Credit Unions fulfil an important function in society:

They lend money to people whom the banks won’t lend to. 

They usually offer very good rates for money on deposit or in shares. 

They encourage people to save which is a good thing, most of the time.

So… do they offer borrowers good value?

Each Credit Union is different – some may be good value, but many are more expensive than the banks. 

It is very easy to calculate whether a bank is good value or not. By law, they must quote the true rate of interest which is known as the APR. If the APR in Bank of Ireland is 8% whereas the APR in AIB is 10%, then Bank of Ireland is lower and therefore better value. 

The Credit Unions are not obliged to quote the true rate of interest on their loans. But worse still, where they oblige you to keep money on deposit while borrowing money, they don’t bring this into the calculations.

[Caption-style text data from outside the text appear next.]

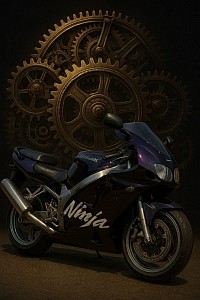 M.r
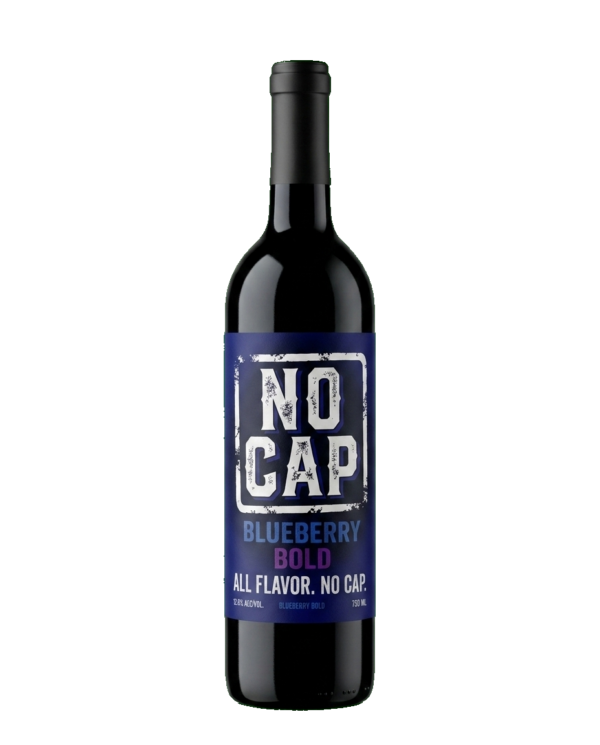 Blueberry Bold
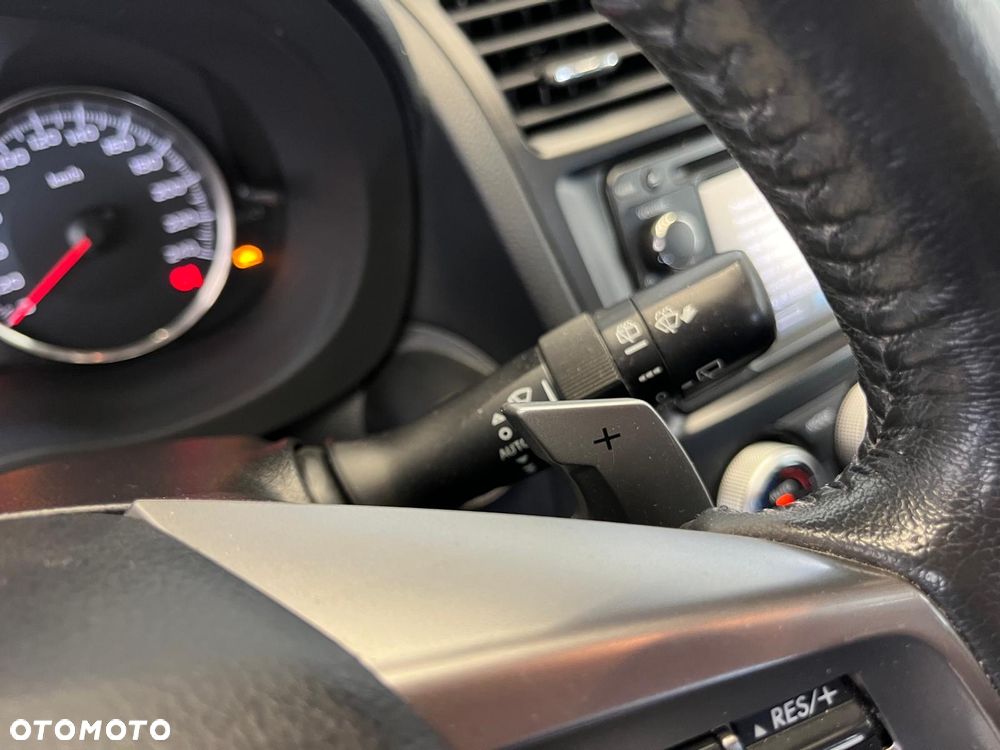Subaru XV 2.0i Exclusive CVT - 13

Let’s say that you have €3,000 in the Credit Union and you want to buy a car for €13,000. 

A bank will simply lend you €10,000 which you add to your €3,000 and you can drive off in your car. If the rate of interest is 10%, the cost of €10,000 for a year will be €1,000. 

Some Credit Unions will allow you withdraw the €3,000 and lend you the €10,000. If they do this it’s easy to compare. If their rate is higher than 10%, they are more expensive. Credit Unions also provide some insurance on loans if you die, but this is relatively cheap and should really be omitted from the calculations. If there was no other difference, then you might as well have the free insurance. Some banks will have gimmicks such as paying your road tax for the first year. 

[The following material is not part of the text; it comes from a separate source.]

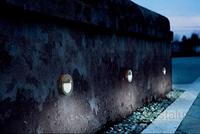 KS Verlichting Messing scheepslampPacific - 7278 - thumbnail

If the Credit Union insists that you leave the €3,000 in shares and borrow the full €13,000, then the Credit Union will work out much dearer than the quoted rate. You still borrow a net figure of €10,000 but you pay interest on €3,000.  So you are effectively borrowing €3,000 at 10% to put it on deposit at around 2%. So the Credit Union loan will cost you €240 a year more than the bank ( €3000 @ 8%[10% -2%]) 

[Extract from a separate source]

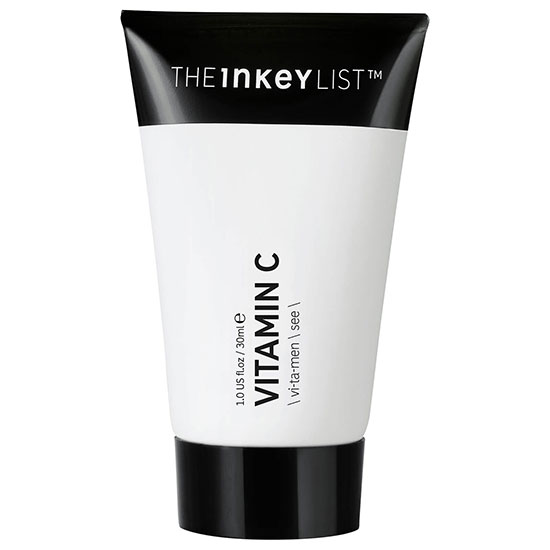 The INKEY List Vitamin C Serum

Credit Unions justify this requirement in saying that it promotes the savings habit. I don’t think that it makes any sense to borrow money at 10% to invest it at 2%. 

*If you are borrowing from a Credit Union*
There is no longer a legal requirement to maintain shares while you borrow, but your local Credit Union may insist on it. If they do, you should argue your case against it. If they refuse, then borrow elsewhere. But keep a small amount of money in the Credit Union so that you remain a member. Go to the AGM and complain about this outdated practice.


----------



## Sophie (22 Jul 2004)

*Legal requirement*

Hi,

Can you advise what authority governs the practices of Credit Unions in Ireland as I would like to read the law which states that there is no longer a legal requirement to maintain shares while you borrow.

Thank you


----------



## Guest (23 Jul 2004)

*Legal requirement*

As far as I know IFSRA regulates CUs:

[broken link removed]


----------



## Guest (23 Jul 2004)

*>> Should I borrow from the Credit Union or the bank*

This link might also be of interest:

[broken link removed]

Note also this link:

[broken link removed]



> The system of credit union regulation in the Republic, which began with the Credit Union Act 1966 under the aegis of the Registry of Friendly Societies, ceased on April 1st 2003. Regulation by the Registrar of Credit Unions, under the Central Bank and Irish Financial Services Regulatory Authority, came into force on that date.



This seems to be the letter of the law assuming that it has not been superceded or amended since:

[broken link removed]


----------



## jod (30 May 2005)

*Re: >> Should I borrow from the Credit Union or the bank*

Does anyone know roughly what deposit rates credit unions pay at the moment on their dividend accounts? Are they better than Northern Rock or RaboDirect. No rates are quoted on their websites.


----------



## RainyDay (30 May 2005)

*Re: >> Should I borrow from the Credit Union or the bank*

Hi Jod - First of all, each credit union makes their own decision about their rates. There is no national rate for CU's. Also, CU's set their rates in arrears, so around Nov/Dec this year, they will set the rate paid on deposits for the year. They should be able to tell you the rates paid over recent years, which will give you a rough idea (but not a guarantee) of what to expect.


----------